Laziswaf Al Hilal – Alunan lagu maupun nyanyian sudah ada pada zaman pra-Islam. Para penyair Arab kala Islam belum datang kerap menyanyikan syair-syair yang mereka buat. Kemudian terus berkembang hingga tercipta banyak jenis alat musik dengan variasi nada yang dapat dipadukan dengan suara vokal.
Dalam Islam, musik telah diperbincangkan sejak lama dan ada ragam pandangan. Meski begitu, Ahmad Zarkasih, Lc dalam bukunya berjudul “Lagu, Nyanyian dan Musik, Benarkah Diharamkan?”, menjelaskan, jumhur ulama telah bersepakat soal musik.
Para ulama sepakat hukum musik adalah haram selama ada tiga hal yang menyertainya. Apa saja?
Pertama, musik menjadi haram jika mengandung unsur kemungkaran maupun kemaksiatan. Ulama mempermasalahkan sisi kemaksiatan yang melekat pada musik tersebut sehingga musik pun menjadi haram.
Bentuk kemaksiatan pada musik bisa ada di lirik atau alunan lagunya sendiri.

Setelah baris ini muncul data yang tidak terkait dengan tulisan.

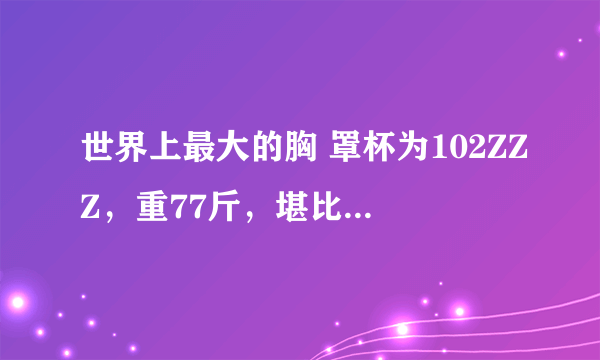 世界上最大的胸 罩杯为102ZZZ，重77斤，堪比两个大西瓜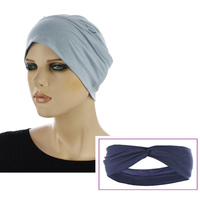 Bamboo Turban with Mix n Match Headband Set | #1 Baby Blue Hat & Navy Band
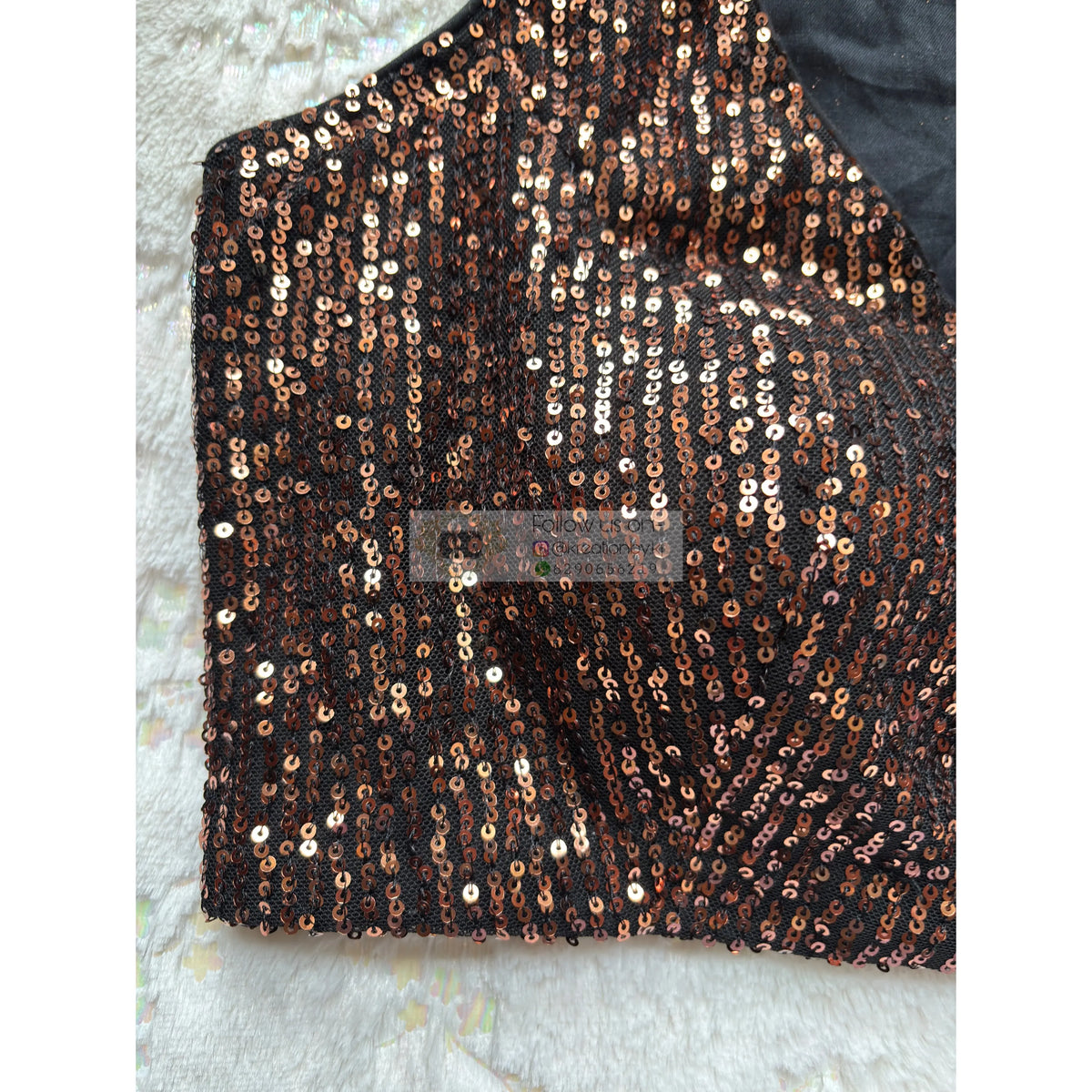 Golden Black Sequin Halter Neck Blouse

Misalnya bila lagu tersebut mengajak berbuat kemaksiatan.
Musik juga mengandung kemaksiatan jika umpamanya irama lagu yang dinyanyikan seperti musik ritual peribadatan agama tertentu. Dalam kondisi ini musik menjadi haram, sebab, seorang Muslim dilarang meniru ritual ibadah agama lain.
Kemaksiatan lain yang melekat pada musik bisa juga ada pada orang yang menyanyikan. Misalnya dia menampilkan aurat padahal syariat Islam memerintahkan untuk menutup aurat. Atau, si penyanyi melakukan gerakan-gerakan tidak senonoh dan melampaui batas. Pada intinya, jika suatu musik mengandung kemaksiatan, haram.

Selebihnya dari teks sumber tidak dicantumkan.